Es totalmente imprescindible la coherencia en el binomio rentabilidad deseada y riesgo asumido. Así, con tipos de interés sin riesgo (Letras del Tesoro) en torno al 1%, no es posible plantearse un objetivo de rentabilidad anual del 5% sin aceptar un determinado nivel de riesgo o volatilidad. La sincronía de rentabilidad esperada y riesgo asumible se traduce en un concepto muy manido pero útil: “el perfil del inversor”.
La experiencia muestra que en numerosas ocasiones los propios ahorradores o inversores no se han detenido a determinar cuál es realmente su perfil de inversor, variando éste según el momento del ciclo en el que nos encontramos. Con habitualidad un mismo ahorrador suele manifestar una baja o incluso nula aversión al riesgo en momentos en los que las Bolsas se encuentran en una fase alcista, mostrando a su vez una enorme aversión al riesgo en momentos en los que los mercados se encuentran en periodos de caídas continuadas.
Es necesario determinar cuál es nuestro perfil de inversor teniendo en cuenta los ciclos financieros y el máximo riesgo asumible
Una de las primeras labores del gestor patrimonial, antes de comenzar a gestionar cualquier patrimonio, es definir de forma conjunta con el inversor los objetivos de rentabilidad a corto, medio y largo plazo y comprobar que el máximo riesgo asumible por el cliente es compatible con dicho objetivo de rentabilidad. Esta labor es imprescindible para la consecución de los objetivos marcados y para ser capaz de aguantar los momentos de mercados adversos.
En los momentos actuales en los que el precio oficial del dinero apenas alcanza el 1%, las inversiones tradicionalmente consideradas de muy bajo riesgo, como depósitos o fondos monetarios, ofrecen rentabilidades históricamente bajas. Aun así, pueden ser la inversión más adecuada para aquellos que primen no tener ninguna volatilidad u oscilación en la valoración de su patrimonio frente a una mayor remuneración potencial.
Cualquier patrimonio que desee lograr una rentabilidad superior, necesariamente deberá invertir parte de la cartera en productos que tengan una mayor oscilación en sus valoraciones a corto plazo.
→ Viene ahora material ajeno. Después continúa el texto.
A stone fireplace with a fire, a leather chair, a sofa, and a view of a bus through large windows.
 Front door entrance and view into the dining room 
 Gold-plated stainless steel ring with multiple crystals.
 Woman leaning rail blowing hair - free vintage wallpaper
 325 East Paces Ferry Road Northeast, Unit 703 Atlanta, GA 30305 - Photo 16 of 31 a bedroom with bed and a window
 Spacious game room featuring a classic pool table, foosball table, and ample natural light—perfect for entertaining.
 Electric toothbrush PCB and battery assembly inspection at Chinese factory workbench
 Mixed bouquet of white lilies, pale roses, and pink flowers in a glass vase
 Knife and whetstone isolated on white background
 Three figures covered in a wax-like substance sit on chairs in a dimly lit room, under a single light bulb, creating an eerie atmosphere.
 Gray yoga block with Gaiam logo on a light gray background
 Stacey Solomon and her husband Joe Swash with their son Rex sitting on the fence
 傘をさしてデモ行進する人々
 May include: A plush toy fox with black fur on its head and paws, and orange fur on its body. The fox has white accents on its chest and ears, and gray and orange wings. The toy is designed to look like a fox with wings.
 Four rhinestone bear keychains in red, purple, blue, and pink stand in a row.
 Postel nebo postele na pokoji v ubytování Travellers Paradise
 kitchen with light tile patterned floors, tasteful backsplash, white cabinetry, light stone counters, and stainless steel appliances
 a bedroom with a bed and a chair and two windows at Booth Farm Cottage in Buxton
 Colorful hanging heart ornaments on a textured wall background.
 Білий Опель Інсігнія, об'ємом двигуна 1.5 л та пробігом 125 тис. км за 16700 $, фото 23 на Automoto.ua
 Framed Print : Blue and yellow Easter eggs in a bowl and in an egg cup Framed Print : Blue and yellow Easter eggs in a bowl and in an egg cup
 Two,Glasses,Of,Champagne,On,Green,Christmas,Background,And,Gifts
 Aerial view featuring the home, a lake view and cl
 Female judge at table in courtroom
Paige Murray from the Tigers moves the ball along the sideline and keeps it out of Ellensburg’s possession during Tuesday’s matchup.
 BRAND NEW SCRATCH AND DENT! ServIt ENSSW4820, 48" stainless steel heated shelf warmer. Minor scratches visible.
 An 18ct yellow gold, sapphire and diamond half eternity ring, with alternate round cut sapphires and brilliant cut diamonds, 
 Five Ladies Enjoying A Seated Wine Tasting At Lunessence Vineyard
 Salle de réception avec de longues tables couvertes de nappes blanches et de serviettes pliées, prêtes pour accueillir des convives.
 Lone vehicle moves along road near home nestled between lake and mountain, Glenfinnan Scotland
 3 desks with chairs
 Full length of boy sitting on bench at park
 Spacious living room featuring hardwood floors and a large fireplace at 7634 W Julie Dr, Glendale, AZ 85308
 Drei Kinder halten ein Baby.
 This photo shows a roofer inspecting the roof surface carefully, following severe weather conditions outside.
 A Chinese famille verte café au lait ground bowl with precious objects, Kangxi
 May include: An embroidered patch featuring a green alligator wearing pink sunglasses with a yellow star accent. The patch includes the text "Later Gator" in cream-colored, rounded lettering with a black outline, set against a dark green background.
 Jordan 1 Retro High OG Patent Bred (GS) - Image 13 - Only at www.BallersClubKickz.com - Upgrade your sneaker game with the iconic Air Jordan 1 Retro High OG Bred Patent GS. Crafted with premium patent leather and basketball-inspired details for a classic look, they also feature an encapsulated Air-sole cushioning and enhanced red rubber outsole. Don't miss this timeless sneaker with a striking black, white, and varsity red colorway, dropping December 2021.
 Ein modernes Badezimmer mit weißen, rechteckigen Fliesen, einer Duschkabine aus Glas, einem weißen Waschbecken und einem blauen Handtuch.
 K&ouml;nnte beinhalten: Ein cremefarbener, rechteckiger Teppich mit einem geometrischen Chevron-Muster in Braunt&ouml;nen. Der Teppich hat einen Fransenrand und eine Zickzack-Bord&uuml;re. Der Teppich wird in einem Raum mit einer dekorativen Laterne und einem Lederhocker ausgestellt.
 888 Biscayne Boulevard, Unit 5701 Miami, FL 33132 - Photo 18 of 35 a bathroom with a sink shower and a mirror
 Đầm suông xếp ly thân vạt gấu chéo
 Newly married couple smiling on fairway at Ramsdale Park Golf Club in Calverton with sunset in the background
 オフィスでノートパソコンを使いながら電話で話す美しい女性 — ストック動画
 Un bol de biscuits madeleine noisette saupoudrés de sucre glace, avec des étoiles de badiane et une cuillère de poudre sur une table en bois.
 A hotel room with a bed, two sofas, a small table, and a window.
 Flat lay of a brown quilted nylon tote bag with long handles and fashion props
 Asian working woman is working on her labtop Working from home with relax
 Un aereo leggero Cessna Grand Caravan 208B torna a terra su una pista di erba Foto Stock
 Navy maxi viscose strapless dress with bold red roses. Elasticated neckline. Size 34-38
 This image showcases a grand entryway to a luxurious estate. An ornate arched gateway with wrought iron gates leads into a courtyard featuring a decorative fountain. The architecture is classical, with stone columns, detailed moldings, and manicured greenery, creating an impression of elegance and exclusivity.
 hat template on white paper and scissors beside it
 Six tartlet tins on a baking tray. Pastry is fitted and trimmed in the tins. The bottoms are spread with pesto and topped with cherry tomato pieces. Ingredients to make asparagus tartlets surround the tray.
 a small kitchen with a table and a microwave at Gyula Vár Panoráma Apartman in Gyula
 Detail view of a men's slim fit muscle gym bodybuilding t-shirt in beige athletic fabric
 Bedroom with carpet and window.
La renta fija directa a medio y largo ofrece mayores rentabilidades pero la valoración de mercado en cada momento puede situarse por debajo del valor de adquisición generando una pérdida latente. Adicionalmente, la liquidez de determinadas emisiones de renta fija no garantiza que en el caso de decidir deshacer la posición antes de su vencimiento se pueda realizar al valor “teórico” de mercado al que se ha realizado la valoración de dicho activo.
La inversión en Bolsa tiene la ventaja de ofrecer una liquidez permanente. Sin embargo, dicha liquidez implica la existencia de elevadas oscilaciones en la valoración de la cartera a lo largo del tiempo por las constantes variaciones de la cotización diaria. Ningún ahorrador debería analizar sus inversiones una a una por separado sin tener en cuenta el resto de su patrimonio y sus objetivos y perfil de inversión.
Incluso para ahorradores conservadores tiene sentido incluir un porcentaje de renta variable en su cartera. La proporción ha de ser tal que en ningún momento ponga en peligro el nivel máximo de riesgo aceptado para el conjunto de la cartera. Es necesario determinar cuál es nuestro per fil de inversor teniendo en cuenta los ciclos financieros y el máximo riesgo asumible.